[Data below]

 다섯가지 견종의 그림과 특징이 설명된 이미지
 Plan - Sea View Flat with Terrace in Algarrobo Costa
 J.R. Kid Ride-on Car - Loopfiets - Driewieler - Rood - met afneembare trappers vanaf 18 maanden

[Aim of the task] Only an exact copy of the data above will do.

[Response to the exercise]
 다섯가지 견종의 그림과 특징이 설명된 이미지
 Plan - Sea View Flat with Terrace in Algarrobo Costa
 J.R. Kid Ride-on Car - Loopfiets - Driewieler - Rood - met afneembare trappers vanaf 18 maanden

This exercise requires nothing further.